Commentary by Barbara Bullock-Wilson

Seen conventionally, this is a photograph of a furrowed tide pool at sunset. A few anemones and clustered limpets adhere to the still, watery grooves. Torn pieces of seaweed lie scattered among the rocks. Both the shriveling plants and glistening stains of receding water measure the passage of time. This is the scene the camera recorded on film the day my father made his exposure and it is what appears when you bring up the alternate picture on this page.

As lovely a photograph as this is, it is not Point Lobos Tide Pools, 1972. In the image Dad created, there is no familiar tide pool. The rounded rocks and channels of water have disappeared. In their place are valleys marked by smooth, glossy, semitransparent plateaus. The pieces of seaweed, once distinctly recognizable, are also transfigured and they now appear as convoluted forms strangely embedded in the landscape. Changed, too, are the water stains that covered the convex surfaces of the rocks. Once signs of evaporating waters, they now seem to signify an overflow seeping downward from the plateaus, saturating the concave surfaces below. Even the limpets and anemones seem different. Appearing in a strange, unexpected context, their ordinary forms become otherworldly.

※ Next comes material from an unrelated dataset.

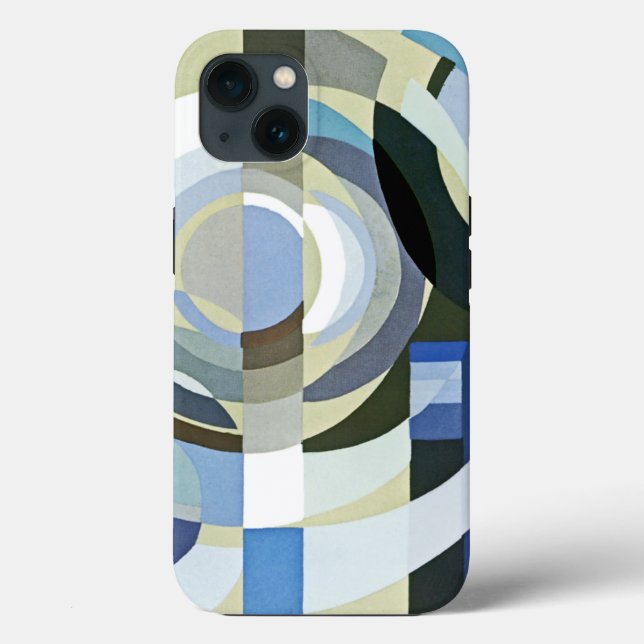 Art Deco Design #1 @ Emporio Moffa Case-Mate iPhone Case (Back)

How did Dad start with a relatively commonplace scene and create an image of a new and intriguing landscape, a world that challenges established views of how things are or "should" be? Saying he did so by turning the photograph upside-down would be true, but it wouldn't tell the whole story. While I was growing up, Dad liked to remind me that what we see is real – but only on the particular levels at which we've developed our sense of seeing. He believed that each of us is capable of expanding our reality, our awareness and understanding of things, by developing new ways of perceiving.

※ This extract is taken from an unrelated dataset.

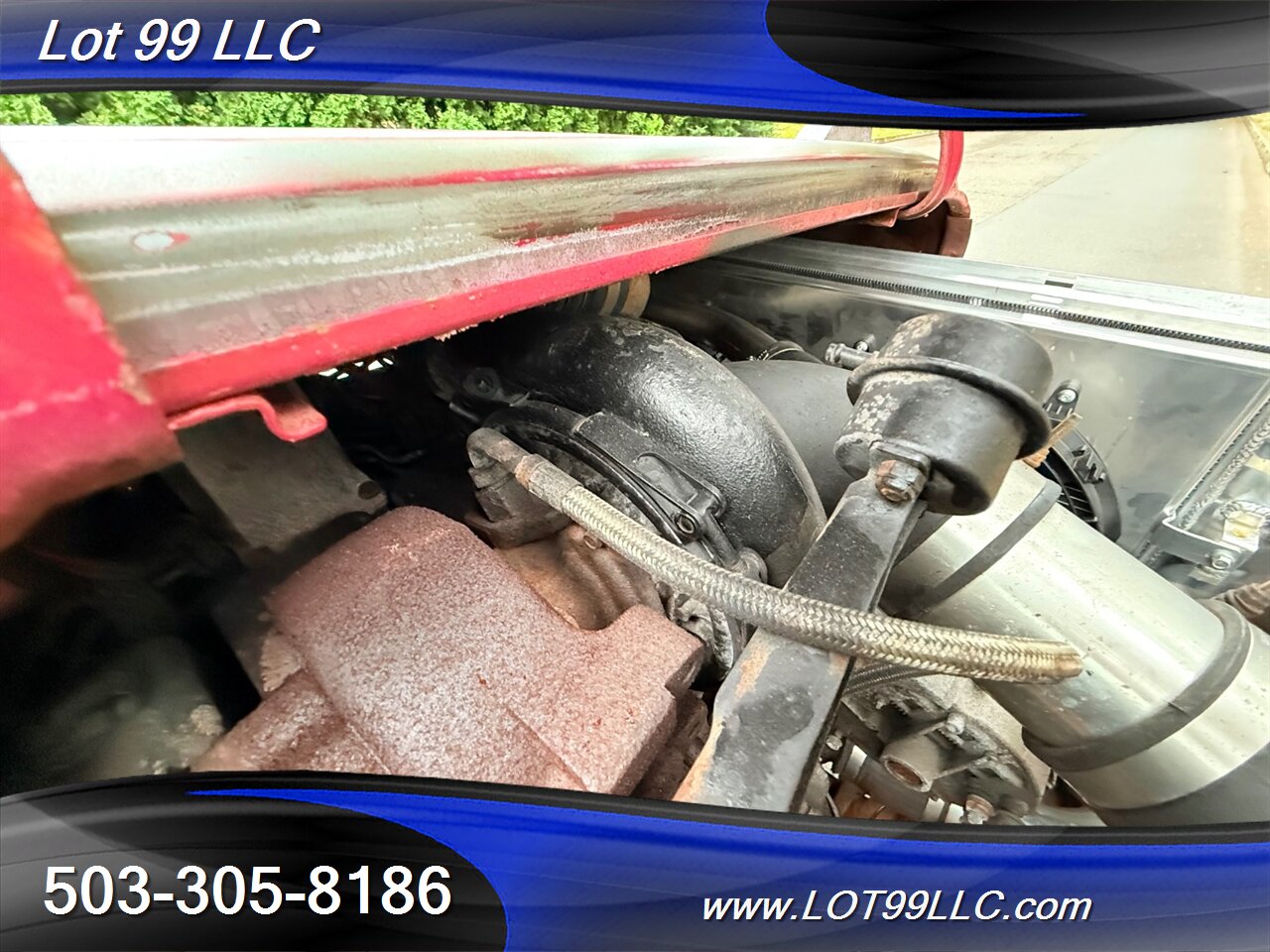 1972 International Loadstar 12v 5.9 Turbo Diesel Welder Rig Rat Rod Air Ride   - Photo 81 - Milwaukie, OR 97267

He himself was committed to this process of change and growth throughout his creative journey. And as he grew, he continually adapted his craft not only to share what he was learning, but also to encourage himself and others to make new discoveries.

For Dad, seeing upside-down became a valuable tool, a means to shed habitual relationships and awaken his senses to fresh possibilities. That it was such a simple and accessible act delighted him.

Dad once wrote, "I love the medium of photography for it gives me the power, with its unique realism, to go beyond conventional ways of seeing and understanding and say, 'This is real, too.'

"In a photograph, if I am able to evoke not alone a sense of the reality of the surface physical world, but also a sense of the reality of existence that lies mysteriously and invisibly beneath its surface, I feel I have succeeded. At their best, photographs as symbols not only serve to help illuminate some of the darkness of the unknown, they also serve to lessen the fears that too often accompany the journeys from the known to the unknown."

The zeal to move beyond is what truly underlies the making of Point Lobos Tide Pools, 1972. While the title connects us to the known, the image itself takes us into new realms. Evoking the presence of mystery, it stirs us to wonder.